By Jill Yashinsky-Wortman, Student Life Case Manager
Going home after the completion of a school year is typically something students are really excited about. This transition back home, though, can come with some unexpected angst. A few days after returning home, students often find that they miss home, miss living in the residence halls, and start to talk about how they miss Gonzaga. This transition can be particularly hard for freshman students who have not gone through a “college summer break” before.
Students who have just experienced a year of perceived freedom at college may find home to be somewhat stifling. For the past ten months, they have rarely had to tell anyone where they were going or when they would be back. There was no curfew. Responsibilities such as getting out of their pajamas, cleaning their room, and doing dishes were done on whenever it was convenient or necessitated, not when someone else asked them to. This transition back home can be challenging when students feel like their parents have expectations about what, when and how certain things should be done. Take a moment to talk with your student about how your expectations might be similar or different than before they left for college. Touch on things such as curfew, using the car, chores, and other responsibilities they may have previously had. Find mutually agreed upon expectations that acknowledge your student’s new level of responsibility while also respecting the values and rules of your household. This simple conversation can alleviate a lot of angst and future stress.
Missing college friends is one of the greatest challenges. As much as students may not have always enjoyed living and sharing a bathroom with numerous other students, they often miss being able to always find someone to hang out with. Some students may have started romantic relationships during the school year that are carrying over into summer. With all of these new college relationships, students may find that their relationships with high school friends may have changes in inexplicable ways. Often times these changing relationships are a result of friends going to different schools and no longer having as many shared experiences as they did prior to college. Your student may find that she is telling a hilarious story from college, but that what makes the story hilarious is the people in the story that she knows very well—people that her parents and high school friends don’t know in the same way. The feeling of no one else truly understanding sometimes sets in and causes students to isolate from home life while reaching out to their college friends through technology- phone calls, texts, Facebook, Skype and more.
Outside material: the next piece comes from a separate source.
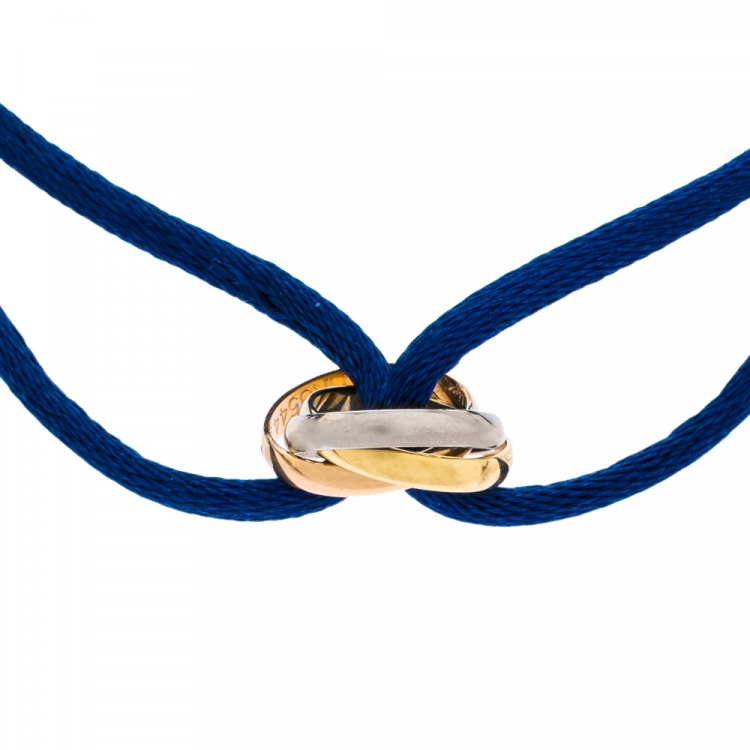 cartier trinity bracelet blue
If you find your student spending more time on their phone or computer, it may be their attempt to fill some of the sadness they may feel. Ask your student how they are doing. Encourage them to share more stories or even some pictures of their friends as a way of helping you get to know these people more. If possible, encourage your student to invite some of their college friends over for a weekend. Spending time with your student’s friends provides a great opportunity for you to get to know these people that you hear so many stories about.
The first year of college is also a time when students have been introduced to many new viewpoints and perspectives about a variety of issues. You may hear your student taking a side of a political or social issue that you have never heard him/her articulate before. Encourage your student to tell you more about how they learned about the issue, what their feelings are, and why they feel that way, even if those viewpoints run contrary to the way your student was raised. Even if you may feel opposite to how your student is feeling, keep in mind that your student has already learned the valuable skill of articulating a viewpoint. Remember that viewpoints are ever evolving and that three more years may drastically change your student’s views time and time again.
All in all, students are excited to go home to the comforts of home cooked meals, their own bed, family, friends and pets. A few simple conversations can help the transition home go as smoothly as possible!